Jeannine Pacioni.
(Beth Clifton collage)
Monterey County SPCA does not speak up, either
SALINAS, California––The 2019 California Rodeo Salinas ended on July 19, 2019, but the stench of manure––bovine, equine, and canine––lingers on above the Salinas Sports Complex.
The Monterey County District Attorney’s Office, headed since January 2019 by longtime California Rodeo Salinas volunteer Jeannine Pacioni, reportedly recently rendered but did not publicly announce a decision to not prosecute what appears to have been a flagrant example of classic medieval-style bull baiting.
The alleged bull-baiting occurred in the center ring of Salinas Sports Complex, before hundreds of spectators, as one of the closing acts of the 2019 California Rodeo Salinas.

(Beth Clifton collage)
Videotaped by SHARK
The bull-baiting display, not on the official California Rodeo Salinas program, was videotaped by Showing Animals Respect & Kindness (SHARK).
SHARK hidden cameras later turned out to have captured similar incidents of alleged bull-baiting after California Rodeo Salinas performances earlier in the week.
Bull-baiting was banned in Britain in 1835, and has since been banned in most of the developed world. Bull-baiting has been banned in most of the U.S. for 100 years or longer.
(See SHARK video shows dogs baiting bulls at Calif.

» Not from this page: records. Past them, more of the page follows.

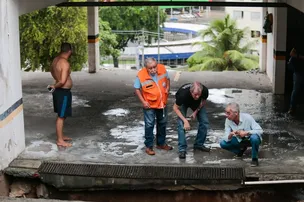CHUVAS: PRÉDIO PRECISA SER EVACUADO NOS BARRIS APÓS GRANDE DESLIZAMENTO DE TERRA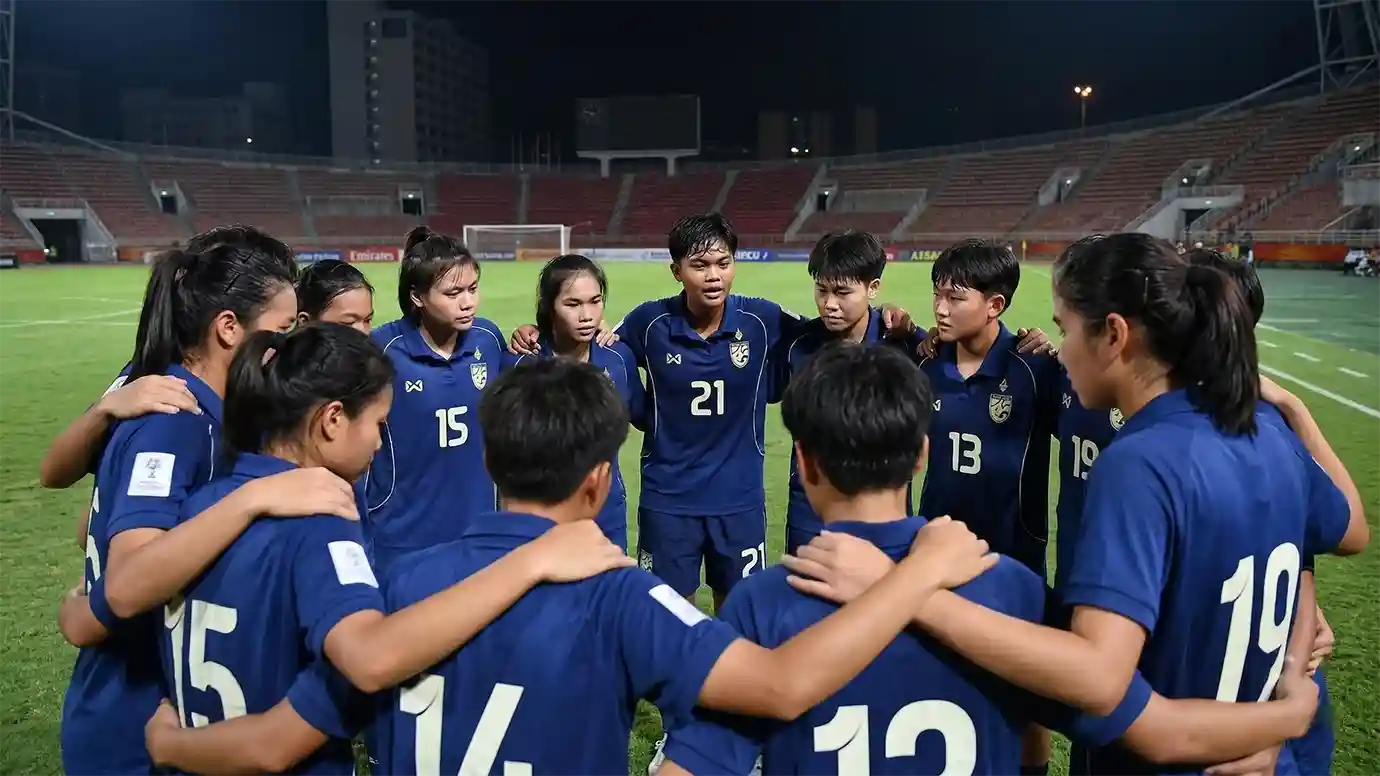 มาดามแป้ง อัดฉีดฟุตบอลหญิงไทย U20 จำนวน 5 แสนบาท หลังผ่านเข้ารอบ 8 ทีมสุดท้าย ศึกชิงแชมป์เอเชีย 2026
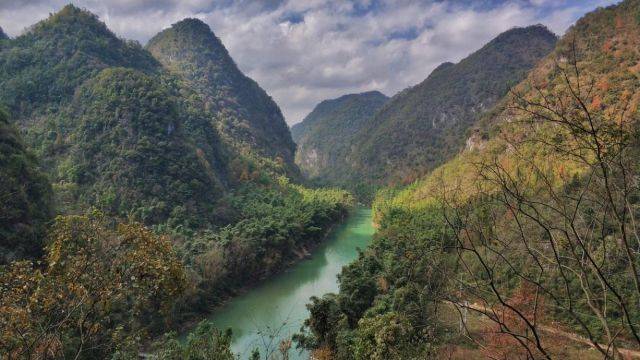 夏季避暑不可错过的景区,群山环绕均温不超20度,就在贵州_安顺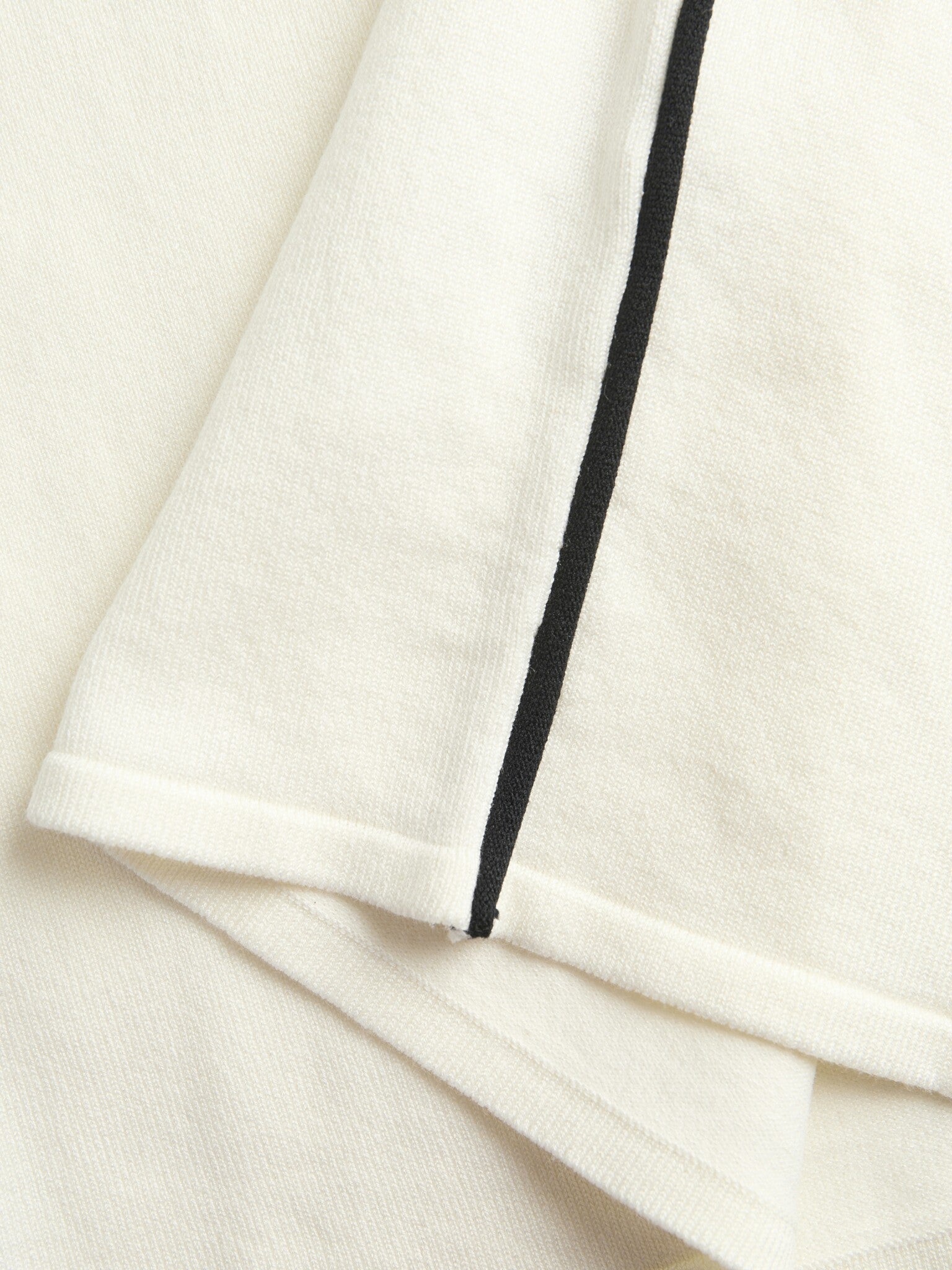 JXEVELYN COMFY PIPING KNIT TOP - VANILLA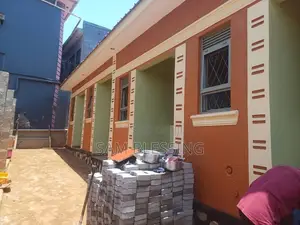 5bdrm Duplex in Munyonyo, Central Division for sale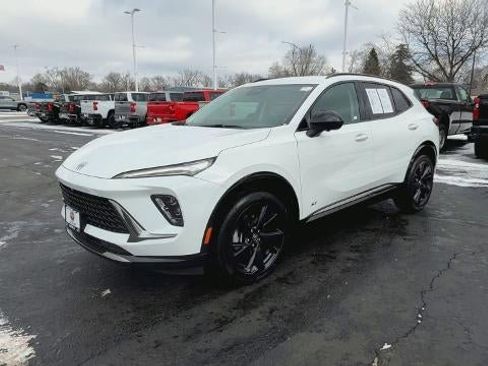 Certified 2025 Buick Envision Sport Touring image 4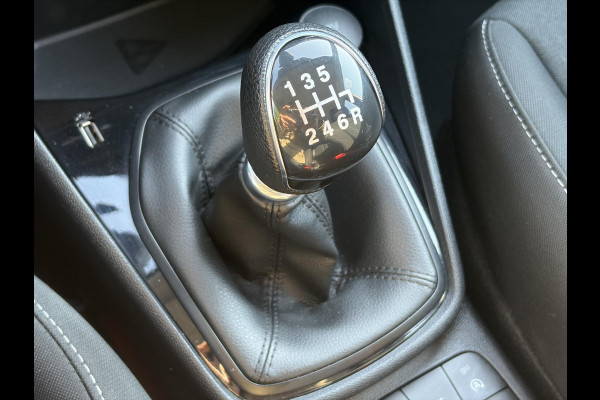 Ford Fiesta 1.0 EcoBoost Connected 1e Eigenaar,Apple Carplay,Airco,Cruise,Rijstrooksensor,Pdc,6 Bak,N.A.P,95pk,Dealer Onderhouden,Apk tot 06-2028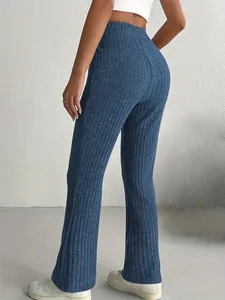 Vista posteriore di pantaloni svasati a coste blu a vita alta con vestibilità slim.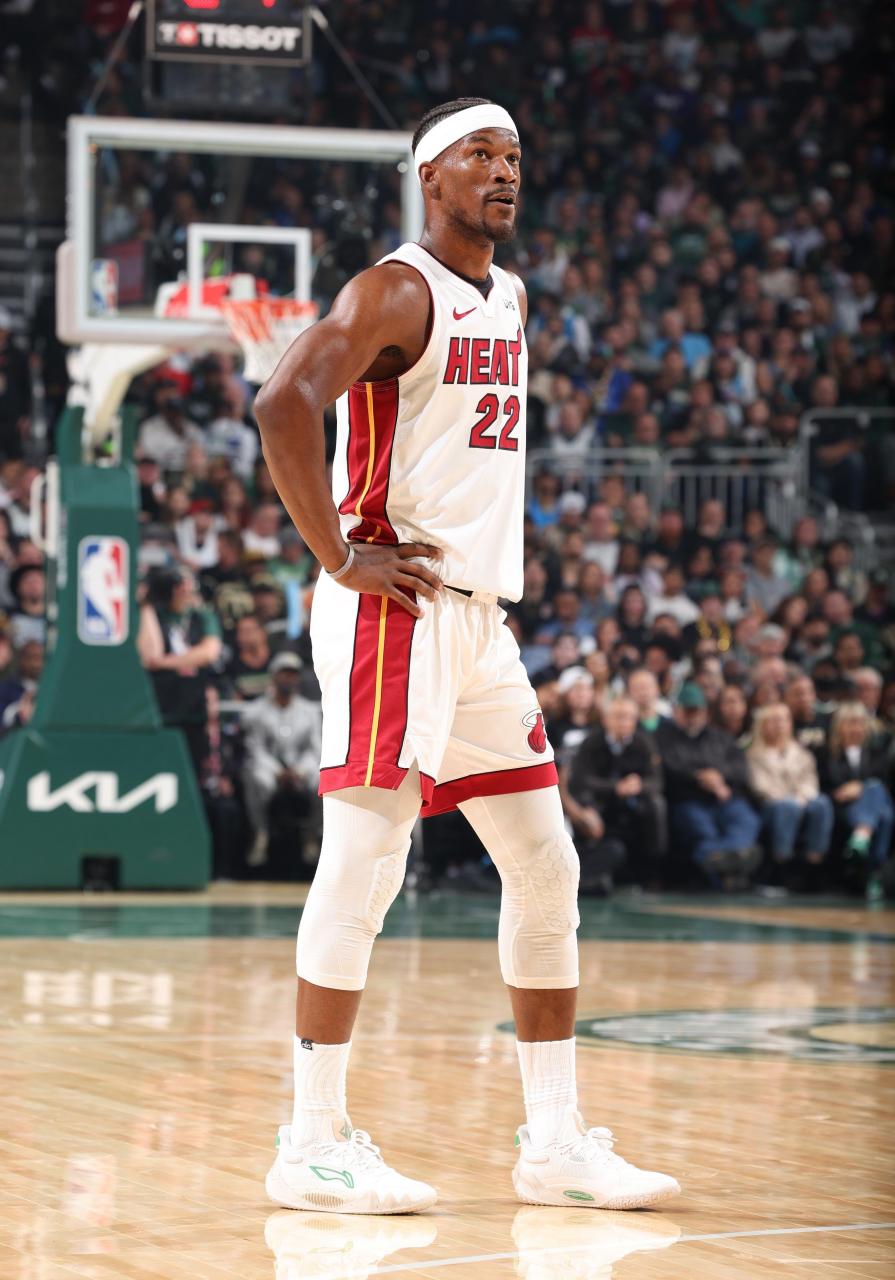 包含巴特勒连续五场比赛得分超过持续失利，G2不断突破！比赛高潮迭起的词条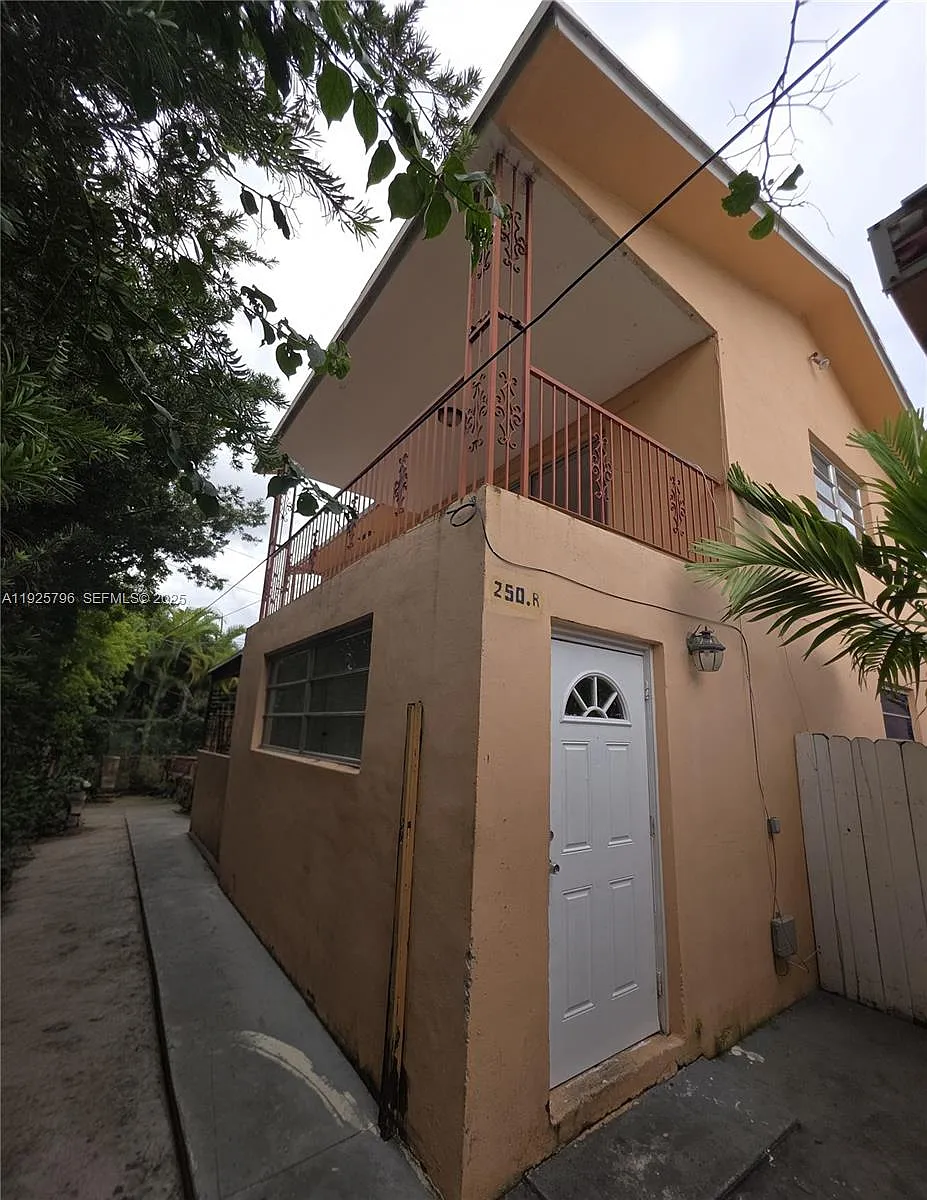 Photo 1 of 14 - 250 NW 63rd Ct #2 - Miami, FL Primary Photo - 250 NW 63rd Ct #2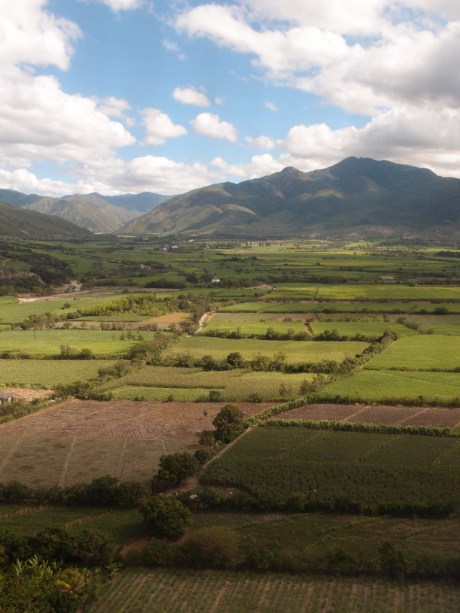About to land in a lush valley near Loja. About to land in a lush valley near Loja.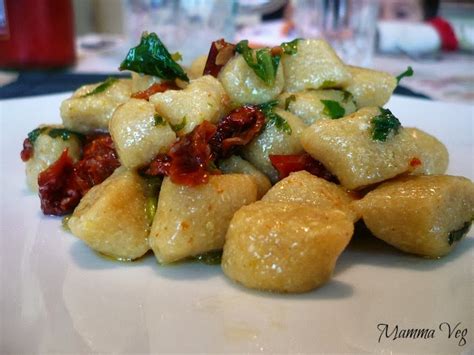 Mamma Veg: Gnocchetti orzo e tofu alle cime di rapa e ...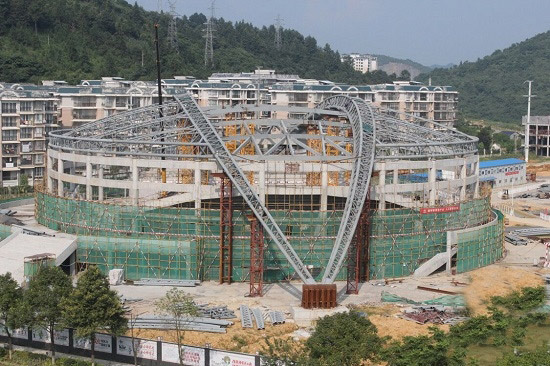 中國鐵建中鐵城建集團二公司湘西州項目“鋼鐵彩虹”合攏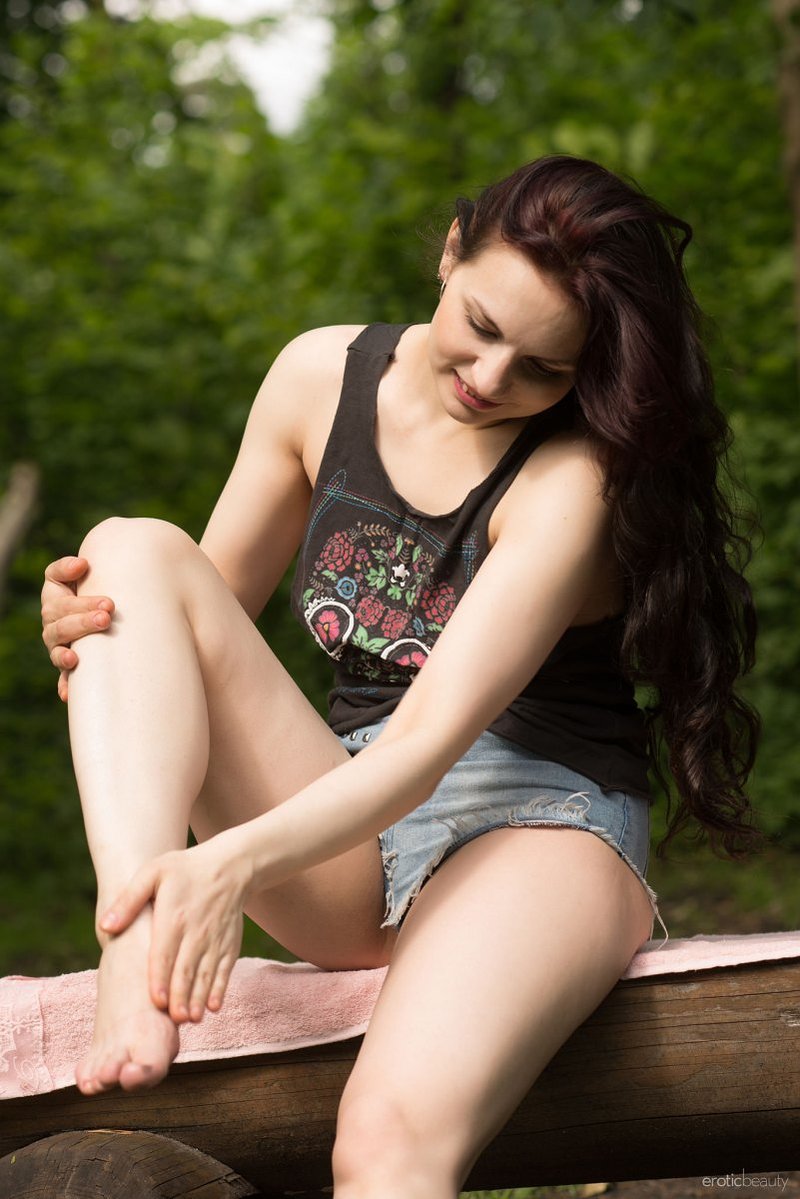 Зина, 22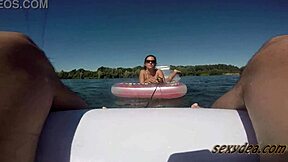 Hei, sinun täytyy nähdä Sexydean iso perse lumoava vierasta Halun järvellä. Hänen märkä koira-asentonsa on puhdas jumalatar!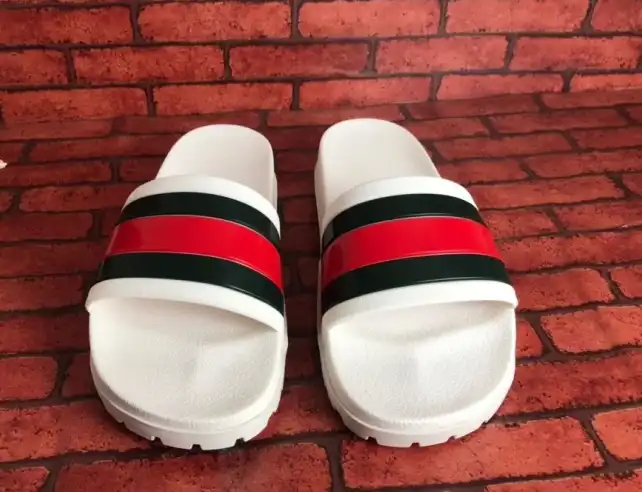 hype Gucci Slippers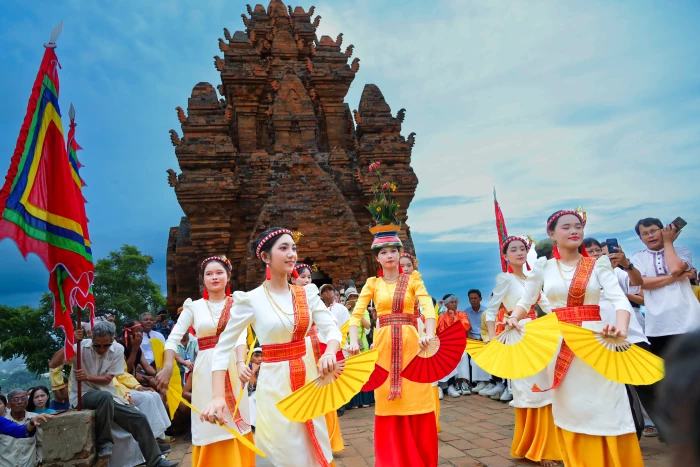 Chào mừng Ngày hội Văn hóa dân tộc Chăm lần thứ VI, năm 2026: Bảo tồn, phát huy văn hóa dân tộc Chăm trong kỷ nguyên mới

Salinas Rodeo 2019.)

(From SHARK video)
What the video showed
The SHARK video, posted at https://www.youtube.com/watch?v=prgX7QtdrvA, showed six bulls––who had just been run hard by rodeo clowns in a much smaller adjacent pen––gathering quietly by themselves near the gate through which they had entered the arena when first unloaded from trucks, before being teased by the rodeo clowns in the smaller adjacent pen.
The bulls would later exit through that gate, but not before being run hard again, several of them suffering visible injury.

(From SHARK video)
Abruptly the bulls were charged by a mixed pack of five dogs, including at least one boerboel, a Catahoula leopard dog, two probable boerboel mixes, and a small terrier who tried to push the bulls toward the big dogs, away from the gate.
The big dogs, especially the boerboel and the Catahoula, lunged again and again at the bulls’ faces, biting and sometimes drawing blood.
Repeatedly the bulls tried to reassemble near the gate. Over and over the dogs snapped and bit, keeping the bulls at bay.

(Beth Clifton collage)
Sheriff’s Department & Highway Patrol participate
Non-enforcement of apparently applicable humane laws has been problematic at the California Rodeo Salinas for decades. Mounted Monterey County Sheriff’s Department and California Highway Patrol units are themselves participants in the California Rodeo Salinas opening parades.
The Monterey County SPCA, founded in 1905, calls itself “The Heart of Animal Rescue and Protection,” yet ANIMALS 24-7 has discovered no record of the Monterey County SPCA ever prosecuting, or even attempting to prosecute, California Rodeo Salinas participants for anything.
Neither is there any apparent record of the Monterey County SPCA ever even speaking out against any practice of the California Rodeo Salinas.
But bull-baiting has been explicitly illegal in California since 1957.
“Misdemeanor punishable by imprisonment”
The California law, reinforced since then, now stipulates that bull-baiting is a “misdemeanor punishable by imprisonment in a county jail for a period not to exceed one year, by a fine not to exceed ten thousand dollars ($10,000), or by both that imprisonment and fine.”
Since the current language expressly includes a prohibition on worrying bulls, as well as on causing bulls to fight, either with each other or with other animals, the California Rodeo Salinas exhibition that SHARK videotaped appears to have been wholly illegal.
Promptly sending a copy of the video to the Monterey County SPCA, SHARK heard nothing in response for 50 days. Finally, on September 10, 2019, SHARK founder Steve Hindi inquired of Monterey County SPCA humane investigations supervisor Captain Martin Opseth, formerly a Monterey County Sheriff’s Office detective, if there had been any developments.

(From SHARK video)
“Thank you for the video”
Responded Opseth, “The DA’s Office reviewed the report and will not be filing any charges at this time. Thank you for the video.”
Emailed Hindi, “The video speaks for itself. The injuring/worrying of a bull by dogs clearly violates California law. Will the SPCA do anything further to push for charges, or will the SPCA simply accept this flagrant case of abuse and miscarriage of justice?”
Replied Opseth, “We submit cases to the DA’s Office. They have the final say on whether or not if they want to pursue criminal charges. The SPCA for Monterey County is not a state, local or federal law enforcement agency. There are several other state, local and federal law enforcement agencies that might be able to further assist you. California Penal Code Section 597.5(c)(1) allows the use of dogs for herding livestock. The DA’s Office noted this section in their response and further explained that it would not be able to prove criminal intent, so at this point my office is not pursuing the matter any further.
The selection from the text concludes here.